> _Information provided_:
BEGIN
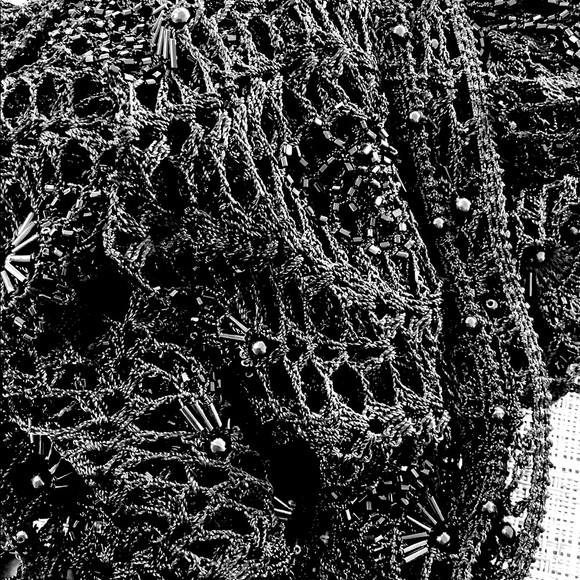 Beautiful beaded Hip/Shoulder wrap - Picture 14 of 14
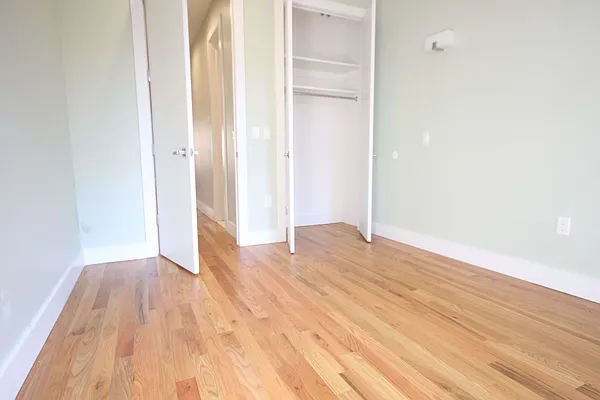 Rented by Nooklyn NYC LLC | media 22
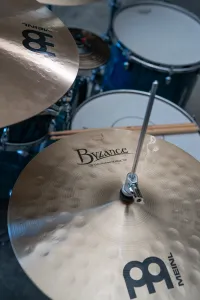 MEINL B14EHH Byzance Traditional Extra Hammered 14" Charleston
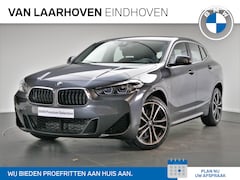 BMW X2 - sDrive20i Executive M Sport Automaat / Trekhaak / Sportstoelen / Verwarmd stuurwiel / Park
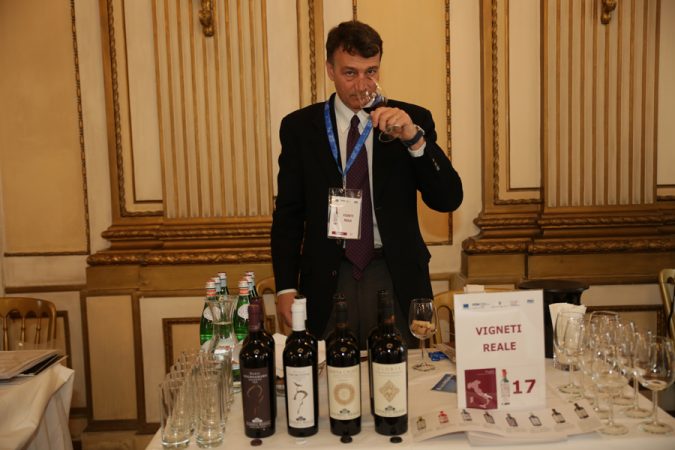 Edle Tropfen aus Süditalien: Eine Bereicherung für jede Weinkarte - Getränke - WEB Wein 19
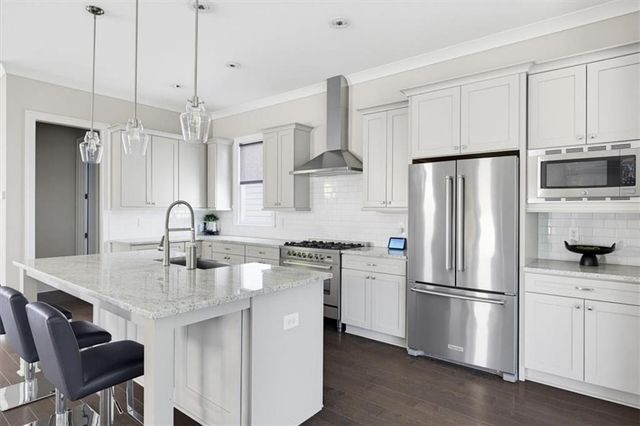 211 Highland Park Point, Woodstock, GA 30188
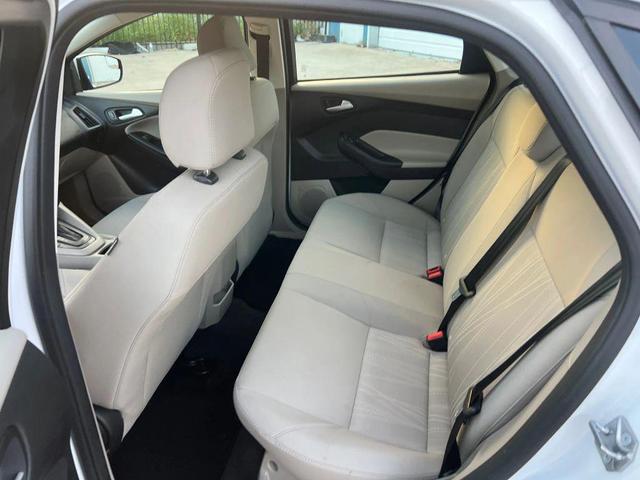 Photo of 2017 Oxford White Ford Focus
END
> _Exercise_: In your copy of the records above, include no pictures and match every line exactly.

> _Written response_:
 Beautiful beaded Hip/Shoulder wrap - Picture 14 of 14
 Rented by Nooklyn NYC LLC | media 22
 MEINL B14EHH Byzance Traditional Extra Hammered 14" Charleston
 BMW X2 - sDrive20i Executive M Sport Automaat / Trekhaak / Sportstoelen / Verwarmd stuurwiel / Park
 Edle Tropfen aus Süditalien: Eine Bereicherung für jede Weinkarte - Getränke - WEB Wein 19
 211 Highland Park Point, Woodstock, GA 30188
 Photo of 2017 Oxford White Ford Focus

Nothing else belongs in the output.